> _What is needed_
Exclude images, then output the remaining data verbatim.

> _Source material_
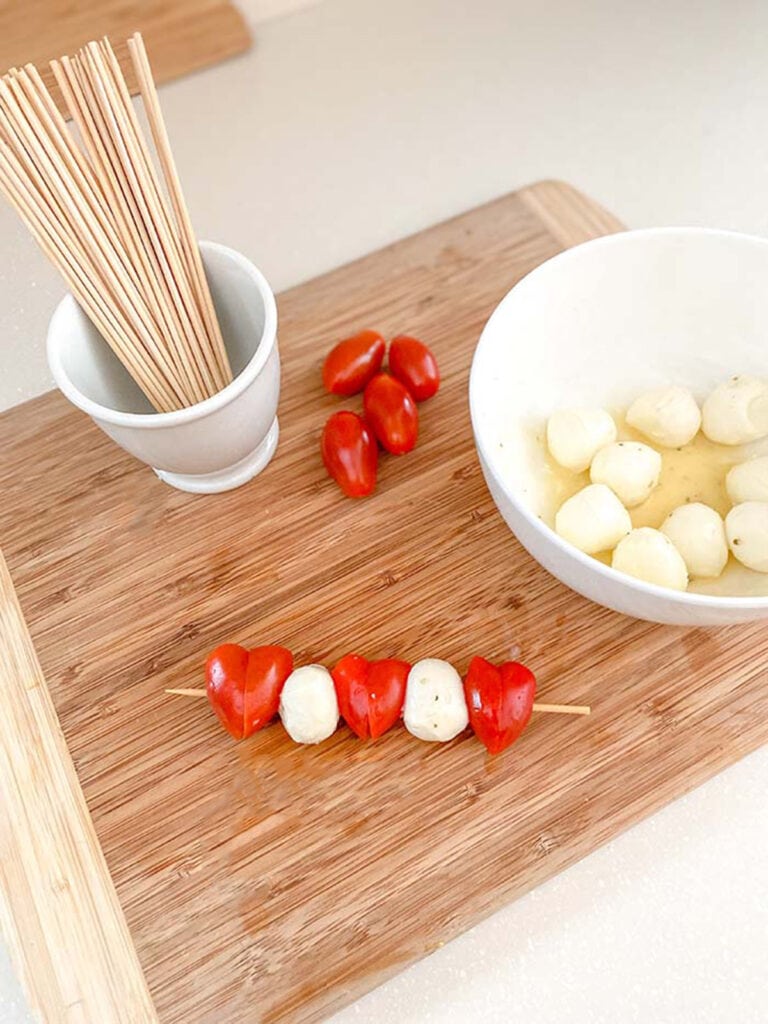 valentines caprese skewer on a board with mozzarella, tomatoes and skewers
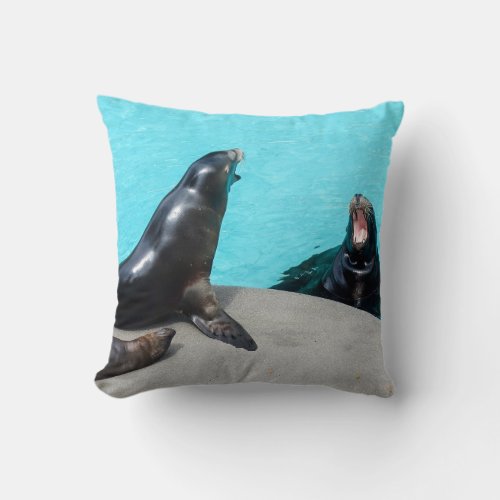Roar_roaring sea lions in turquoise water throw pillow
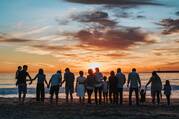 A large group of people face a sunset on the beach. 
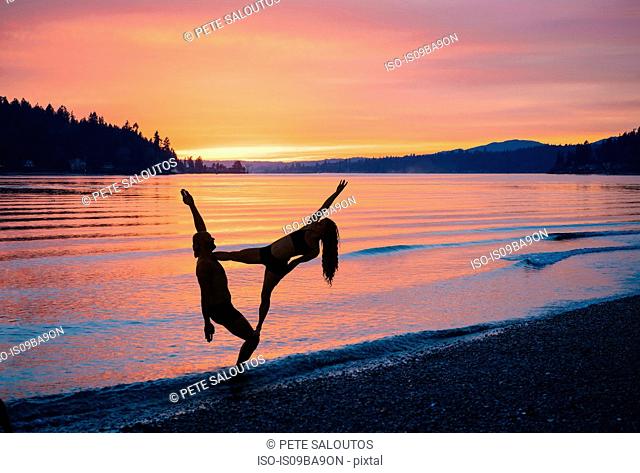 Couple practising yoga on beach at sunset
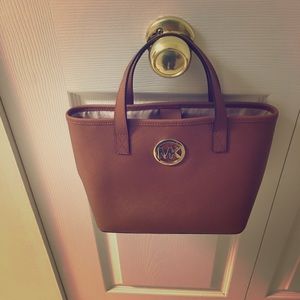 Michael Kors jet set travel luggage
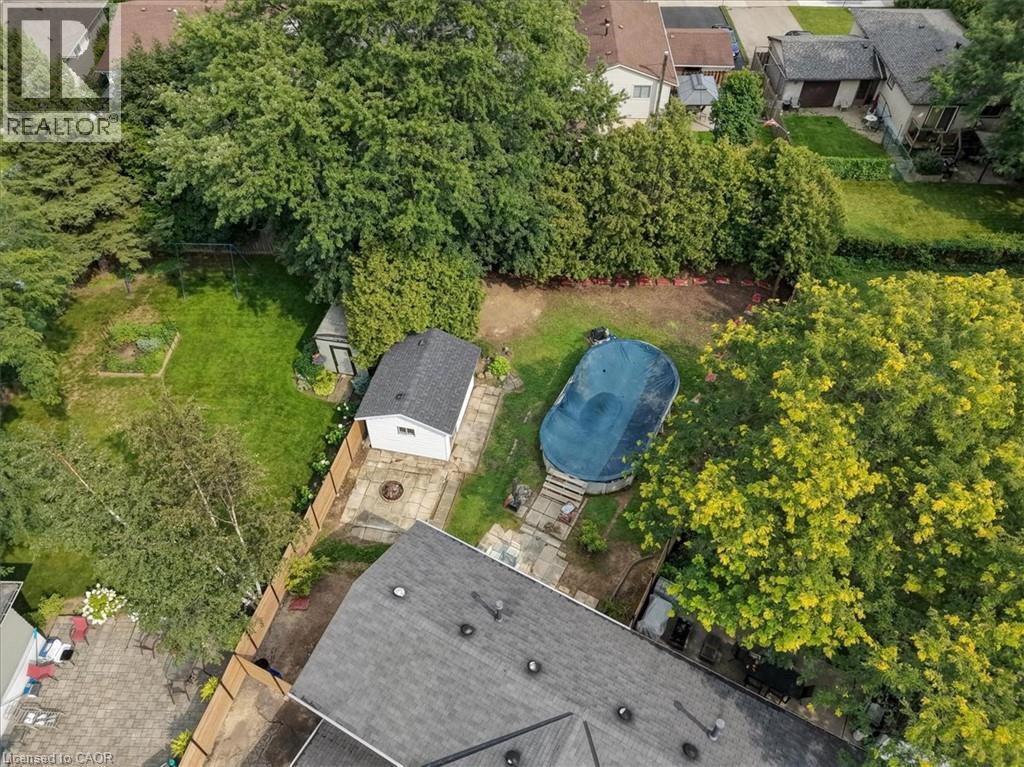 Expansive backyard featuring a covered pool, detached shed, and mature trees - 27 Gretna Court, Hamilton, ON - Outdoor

> _Response to the exercise_
 valentines caprese skewer on a board with mozzarella, tomatoes and skewers
Roar_roaring sea lions in turquoise water throw pillow
 A large group of people face a sunset on the beach. 
 Couple practising yoga on beach at sunset
 Michael Kors jet set travel luggage
 Expansive backyard featuring a covered pool, detached shed, and mature trees - 27 Gretna Court, Hamilton, ON - Outdoor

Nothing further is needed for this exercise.